You have the ILLUSION of control only…or to put it another way, if I use proper gun safety procedures, observe range safety, etc, I can reasonably be assured of my own safety around firearms…as long as I don’t factor in someone else fucking things up. Same as with the car.
Let me ask you not for statistics but just off the top of your head…are more people killed yearly in the US through drunk drivers or through firearms?
You don’t…and I don’t. Society weighs the risks for any given action and decides whats acceptable risk. So, for instance, we continue to eat foods saturated in fat (and die at alarming rates due to this) while wringing our hands in threads like this about the (spectacular and tragic) deaths of a few people. IOW we are worried flying (terrorists and accidents and all…oh my!) while driving to work using our cell phone while eating that third egg McMuffin with extra fat…
-XT
“are more people killed yearly in the US through drunk drivers or through firearms?”

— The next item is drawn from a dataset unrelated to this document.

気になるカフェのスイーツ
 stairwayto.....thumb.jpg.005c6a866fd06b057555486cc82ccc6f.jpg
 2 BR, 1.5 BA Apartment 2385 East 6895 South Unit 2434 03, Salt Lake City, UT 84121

Firearms, more than twice as many.
Fair enough…feel free to cite that of course. I assume you will exclude accidental firearms deaths/injuries…or include accidents not related to drinking in your death/injuries statistics due to automobiles. I am interested in seeing the cites as I’ve always heard that deaths/injuries due to accidents involving automobiles are something like an order of magnitude higher than those due to firearms…so I will learn something new today.